====== GIVEN DATA

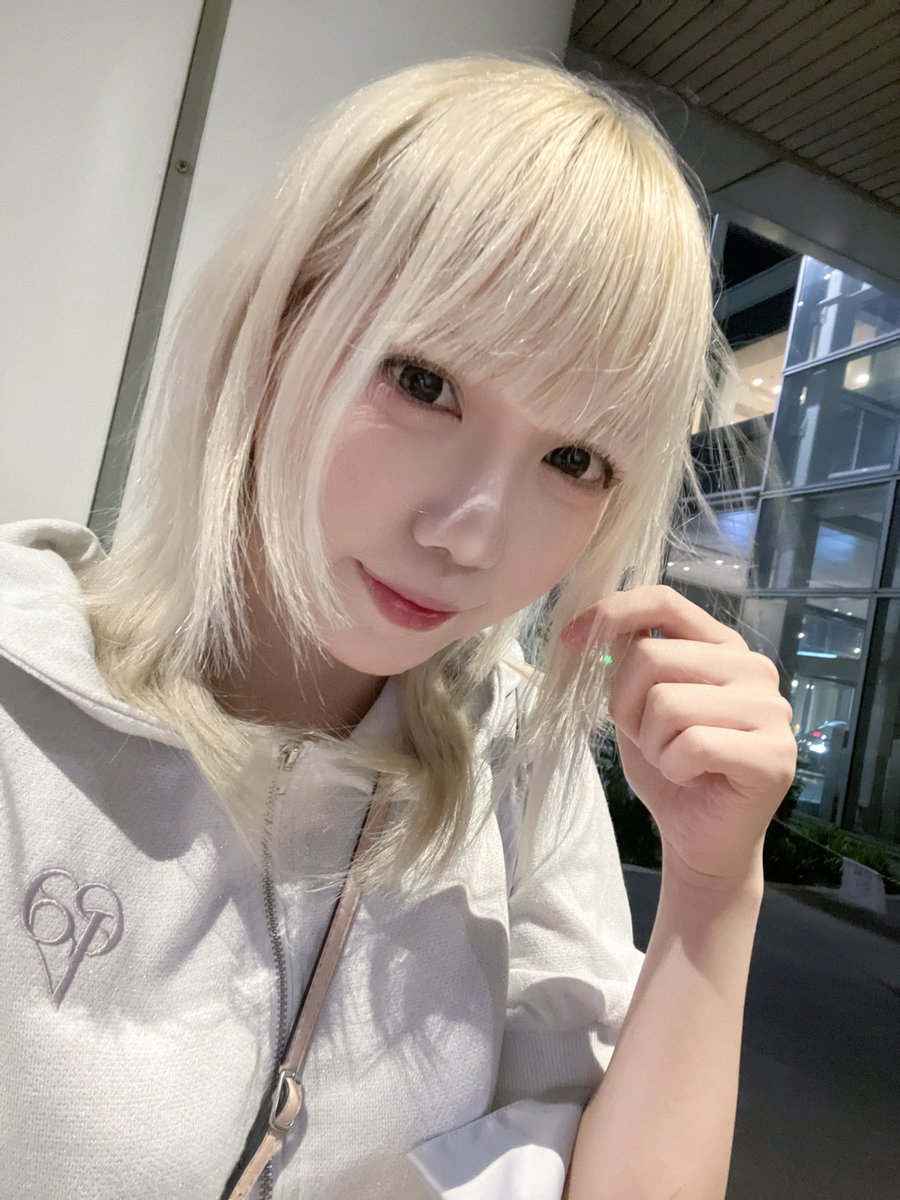 suzu_sentikissu's tweet photo. やっと無事に東京に到着しました～
これからの遠征ライブ、お待ちしています✨ https://t.co/ltlpjrHCcc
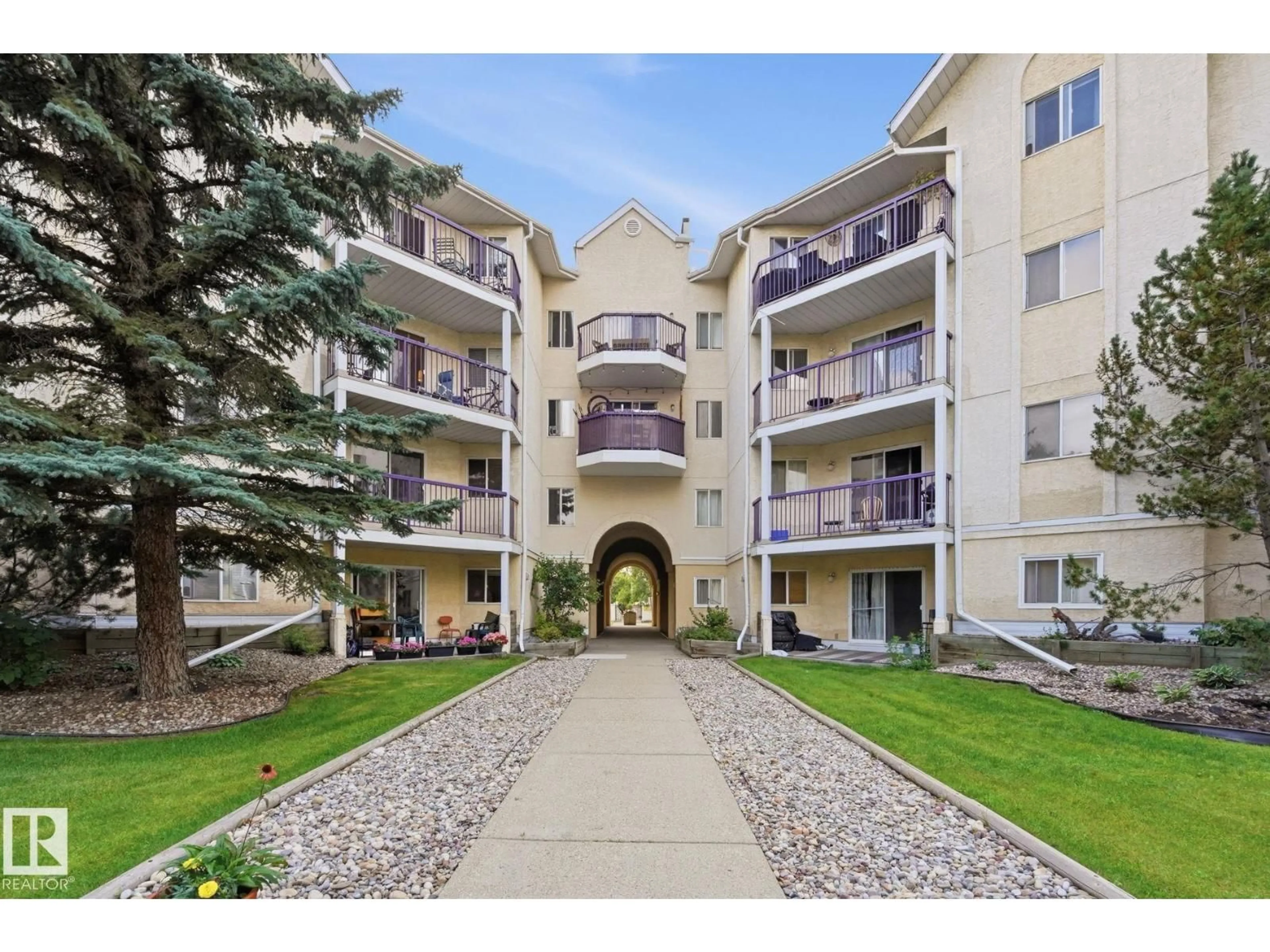 Unknown for 10636 - 228 120 ST NW, Edmonton Alberta T5H4L5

============

INSTRUCTIONS TO FOLLOW →
Across all the lines above, repeat the wording exactly and omit the pictures.

SOLUTION →
 suzu_sentikissu's tweet photo. やっと無事に東京に到着しました～
これからの遠征ライブ、お待ちしています✨ https://t.co/ltlpjrHCcc
 Unknown for 10636 - 228 120 ST NW, Edmonton Alberta T5H4L5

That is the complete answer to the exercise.